- INFORMATION:
__________________________________________________

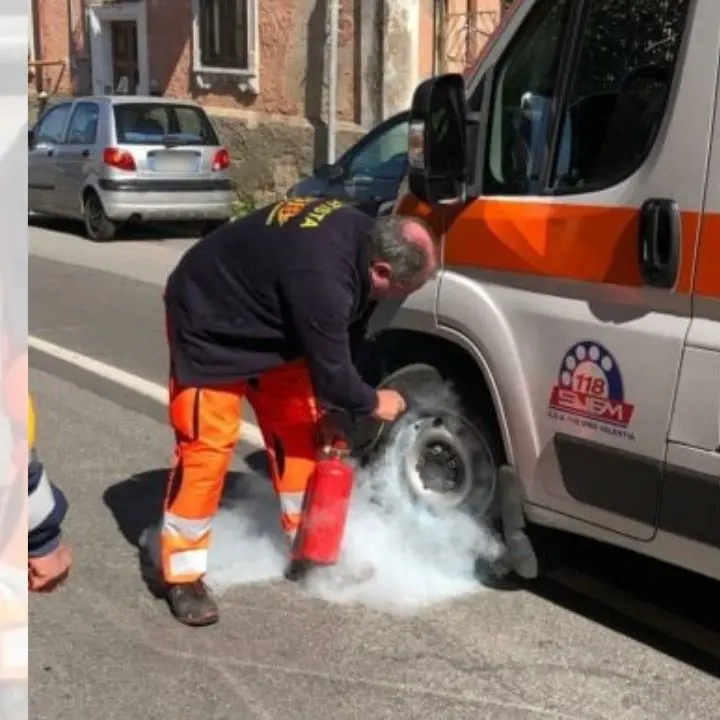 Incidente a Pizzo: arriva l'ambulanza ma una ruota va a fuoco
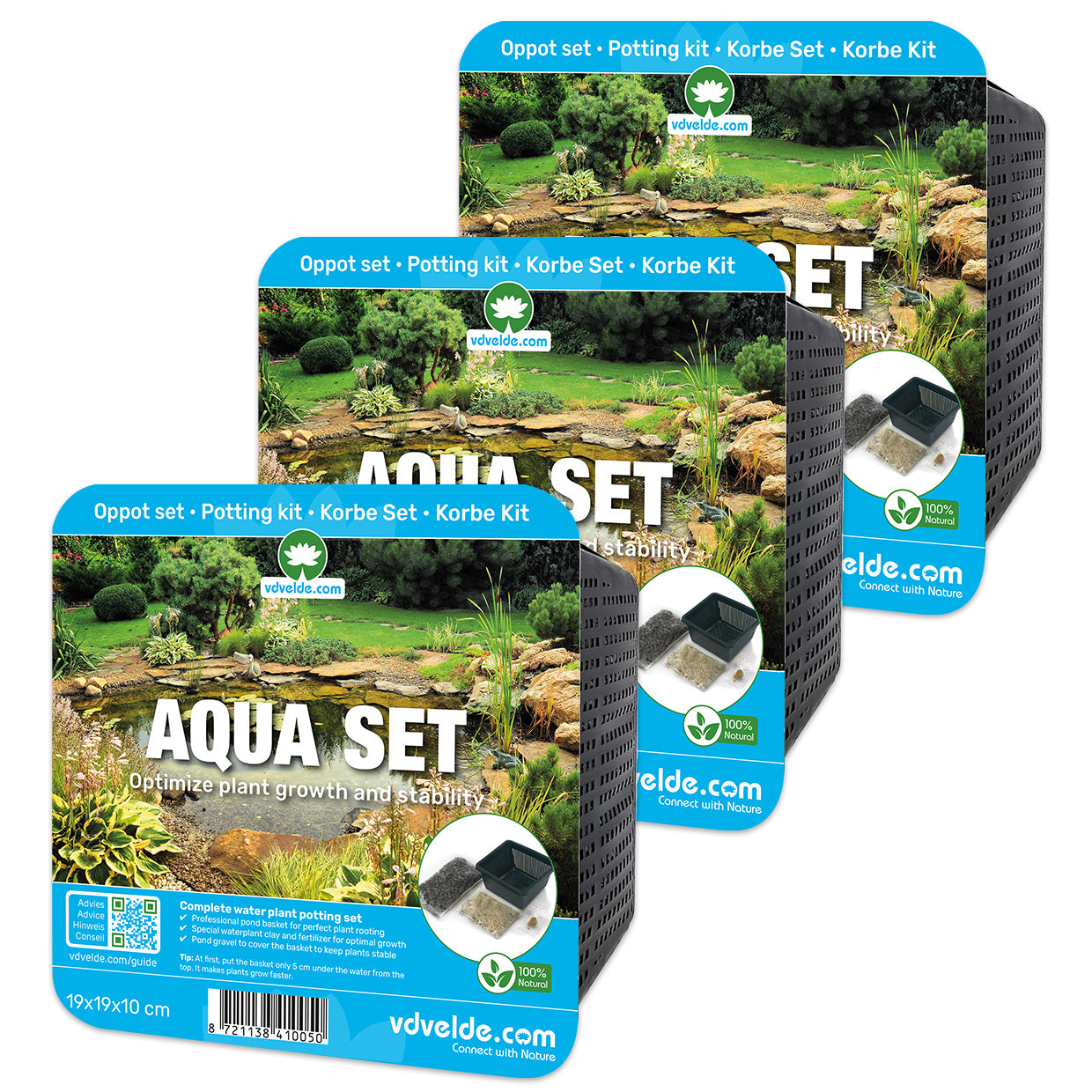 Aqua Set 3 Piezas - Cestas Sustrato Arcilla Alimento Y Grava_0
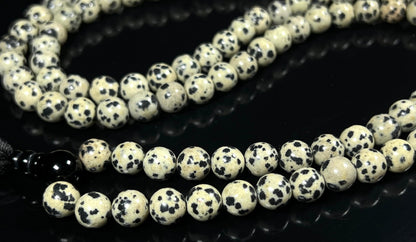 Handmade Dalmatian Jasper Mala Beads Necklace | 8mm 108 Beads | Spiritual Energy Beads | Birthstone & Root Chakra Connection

__________________________________________________

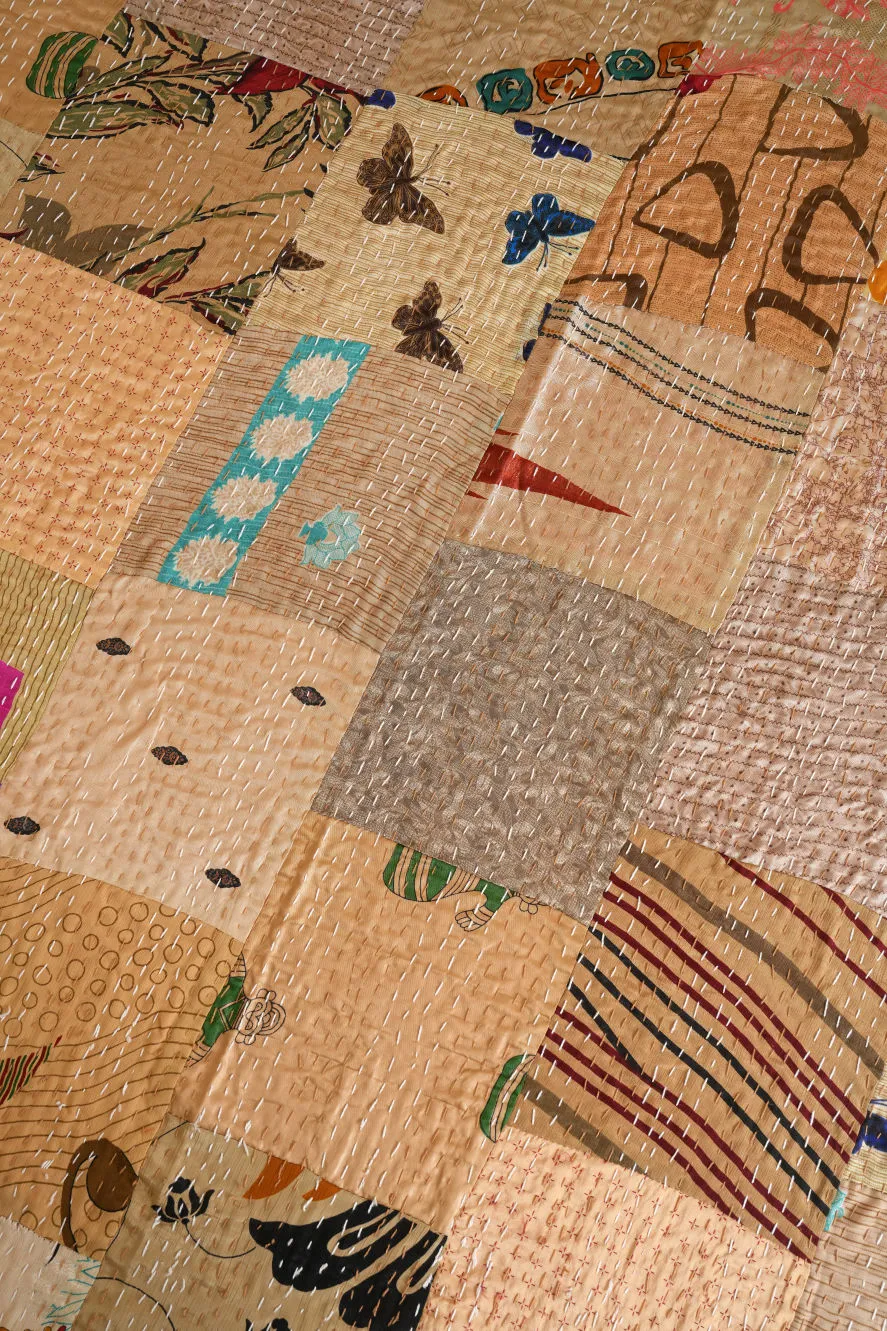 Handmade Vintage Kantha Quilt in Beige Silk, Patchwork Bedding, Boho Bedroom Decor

__________________________________________________

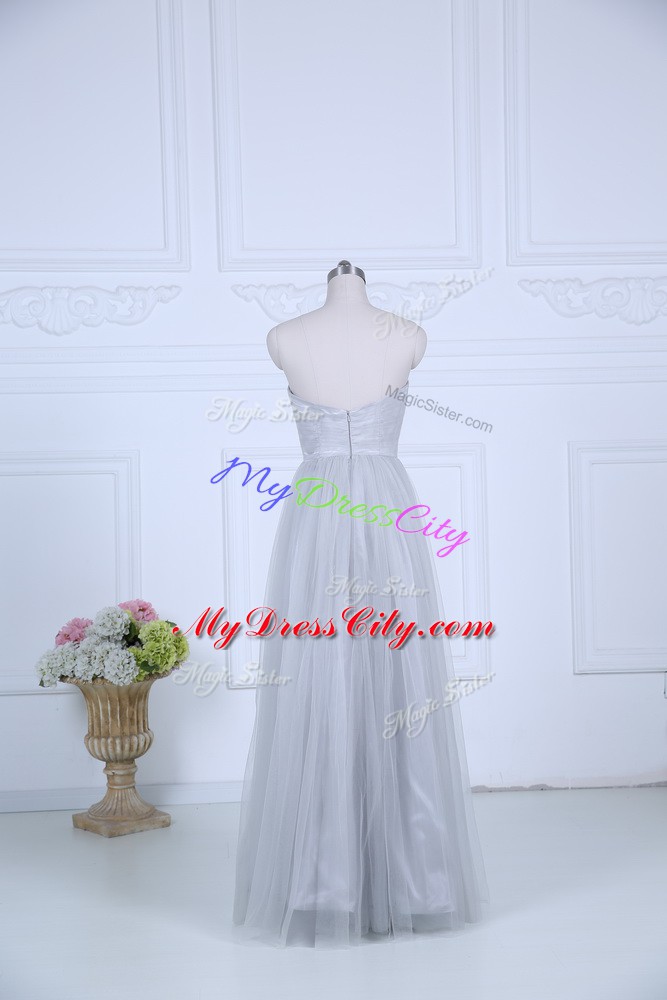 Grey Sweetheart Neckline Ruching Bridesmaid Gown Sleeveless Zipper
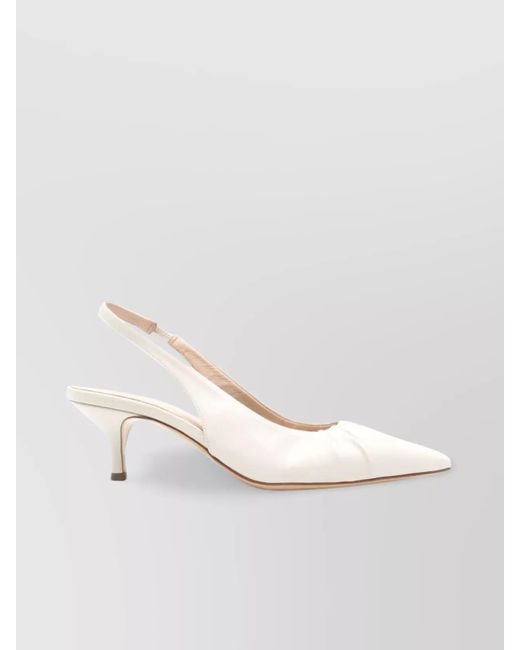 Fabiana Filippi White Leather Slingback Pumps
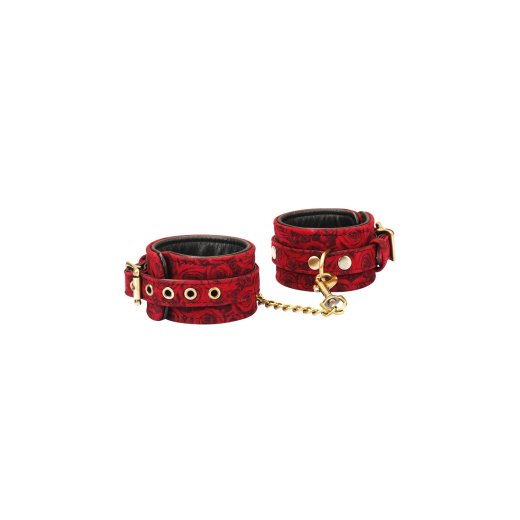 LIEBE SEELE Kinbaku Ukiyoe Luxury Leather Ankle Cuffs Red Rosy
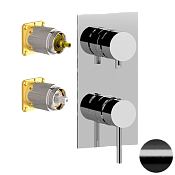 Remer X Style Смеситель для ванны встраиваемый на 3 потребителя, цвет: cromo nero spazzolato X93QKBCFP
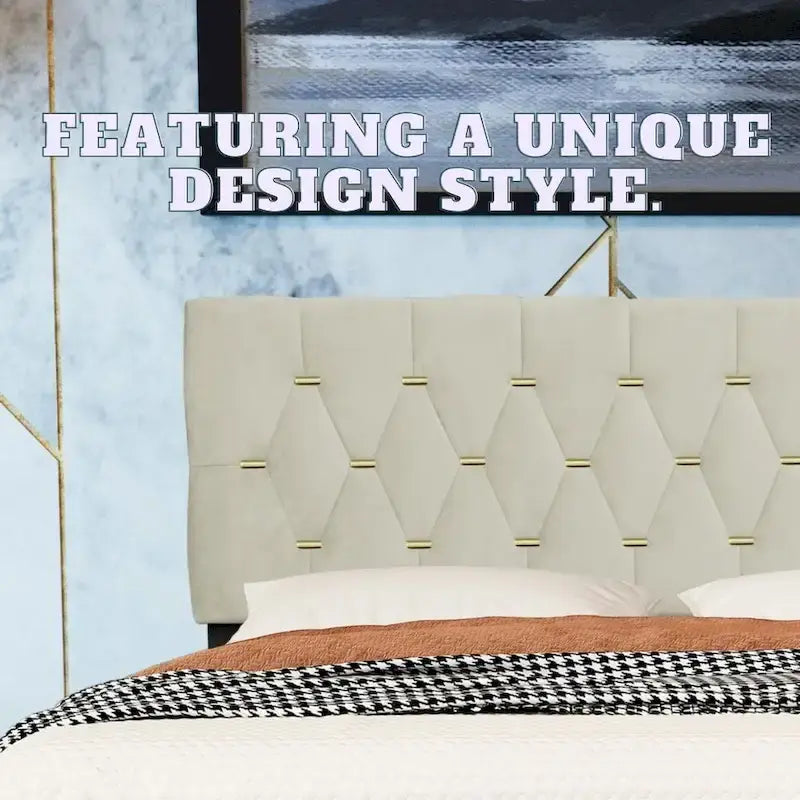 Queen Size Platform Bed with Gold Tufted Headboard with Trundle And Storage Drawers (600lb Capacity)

__________________________________________________

- YOUR OBJECTIVE: Go back to the lines above and output, exactly as they stand, the ones from the line containing "Incidente a Pizzo: arriva" to the line containing "Handmade Dalmatian Jasper". Leave all pictures behind.

- REPLY:
 Incidente a Pizzo: arriva l'ambulanza ma una ruota va a fuoco
 Aqua Set 3 Piezas - Cestas Sustrato Arcilla Alimento Y Grava_0
 Handmade Dalmatian Jasper Mala Beads Necklace | 8mm 108 Beads | Spiritual Energy Beads | Birthstone & Root Chakra Connection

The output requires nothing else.